Content starts
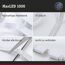 LED-Strip 'MaxLED 1000 RGBW Basisset' 2,5 m 28 W silber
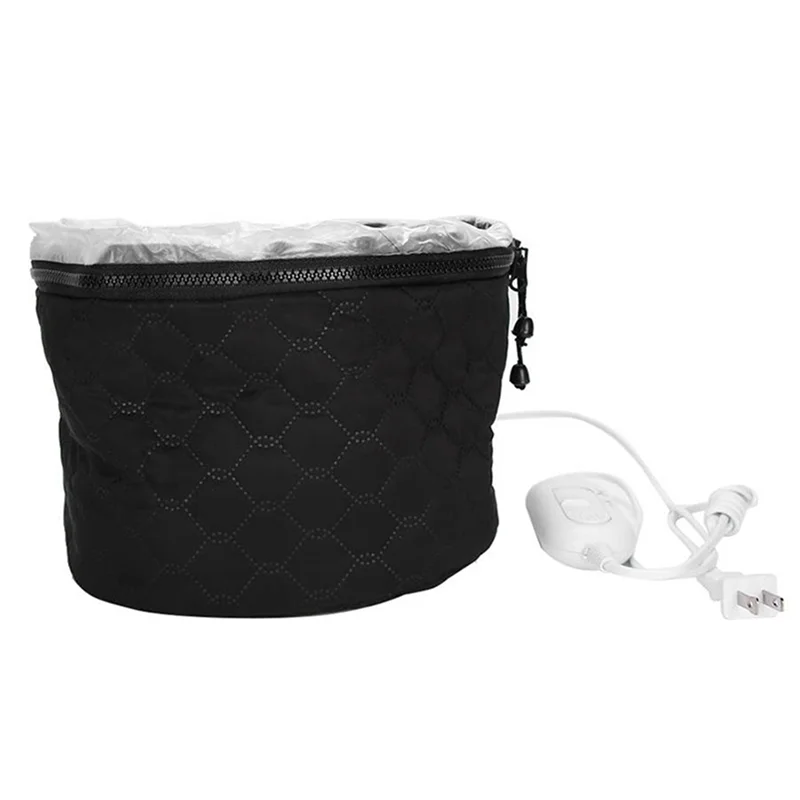 

A07R 2X Household Electric Heating Hat Cap Adjustable Hot Oil Treatment Hat Salon Barber Accessories For Hair Care US Plug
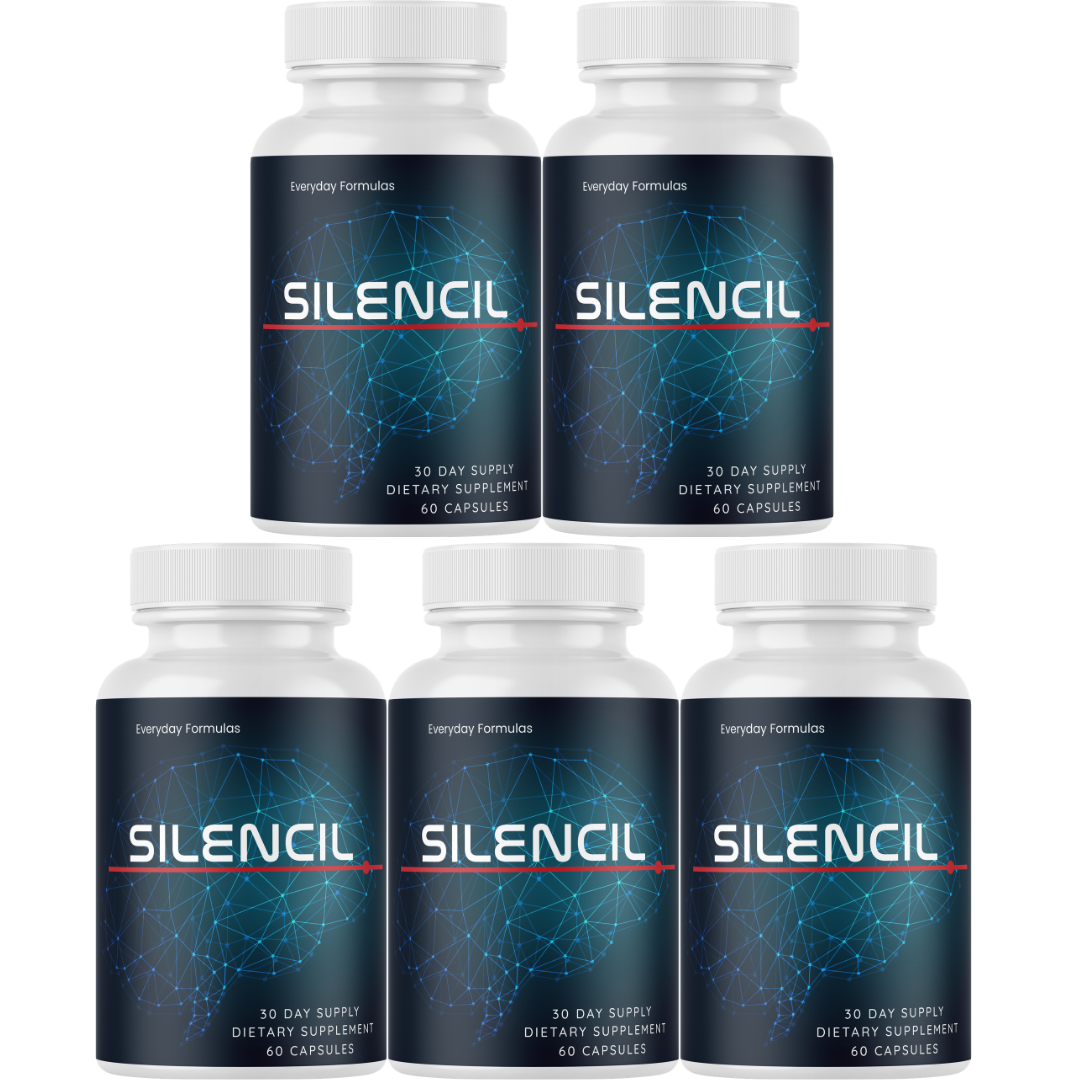 Silencil Premium Tinnitus Support Relief Supplement 60 Capsules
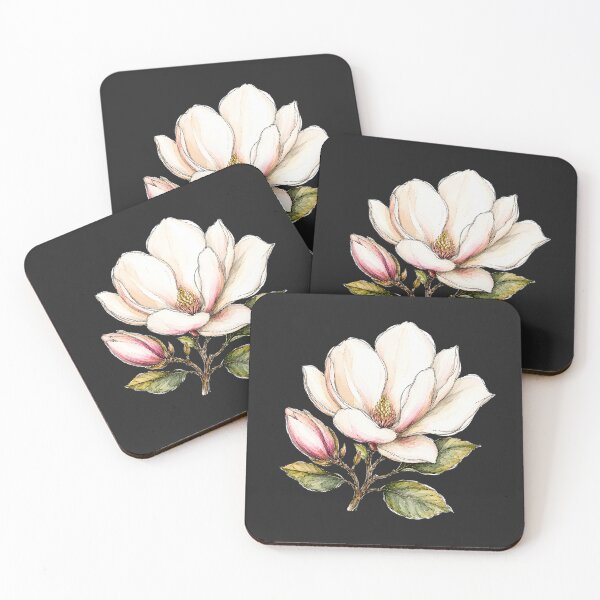 Item preview, Minimal Magnolia Botanical Watercolor designed and sold by ColorSplash123.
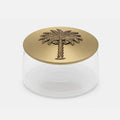 Candy Jar – Embossed Palm (Large)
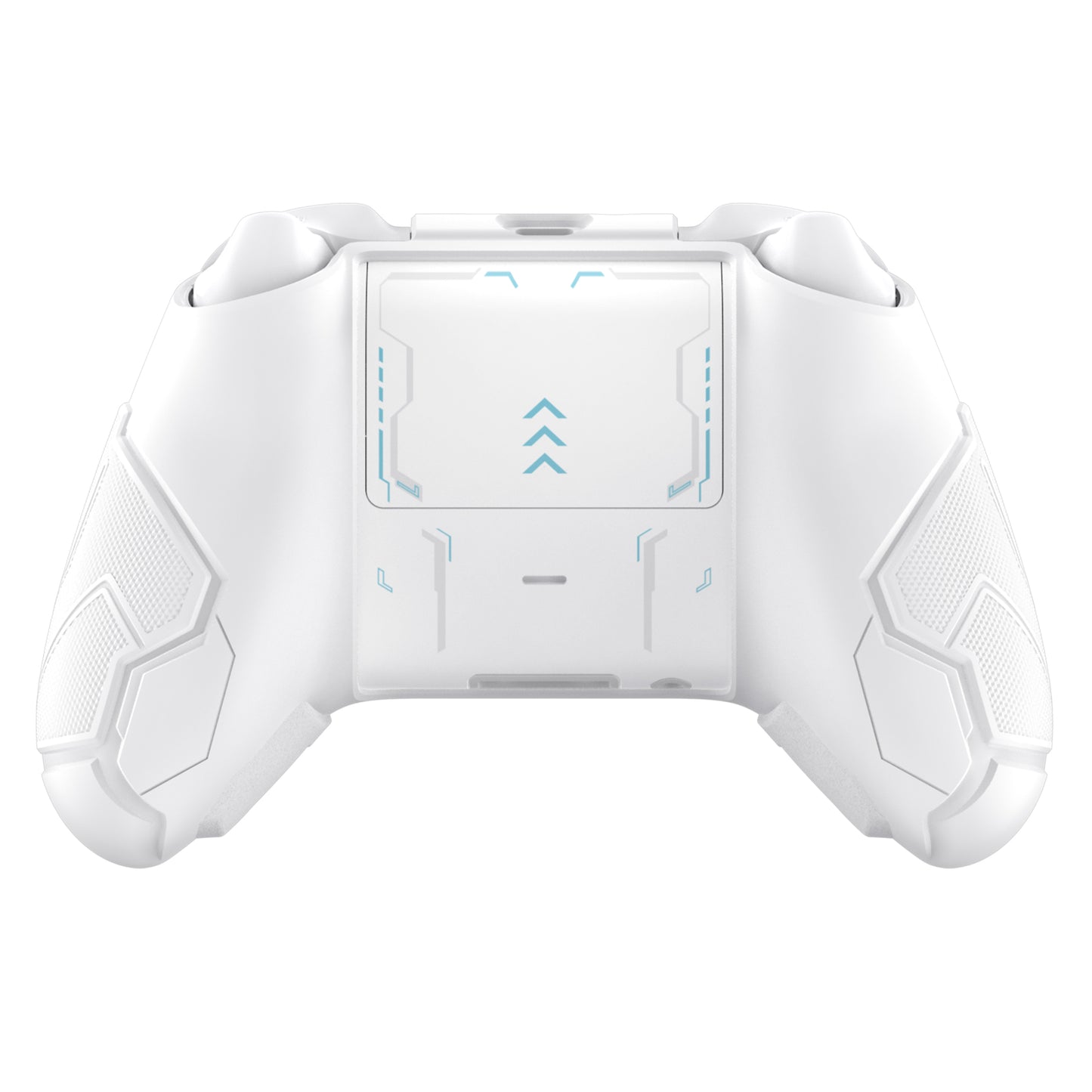 PlayVital Stellar Mecha シリコンカバー スキン for Xbox Series X/S コントローラー サムグリップ & ステッカー付／滑り止めグリッププロテクター【ホワイト＆フロストグレー】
Content ends
# About this task
From the records above, transcribe only the stretch from the line with "A07R 2X Household" through the line with "Silencil Premium Tinnitus", keeping both ends. Omit pictures.

# Output of the task
A07R 2X Household Electric Heating Hat Cap Adjustable Hot Oil Treatment Hat Salon Barber Accessories For Hair Care US Plug
 Silencil Premium Tinnitus Support Relief Supplement 60 Capsules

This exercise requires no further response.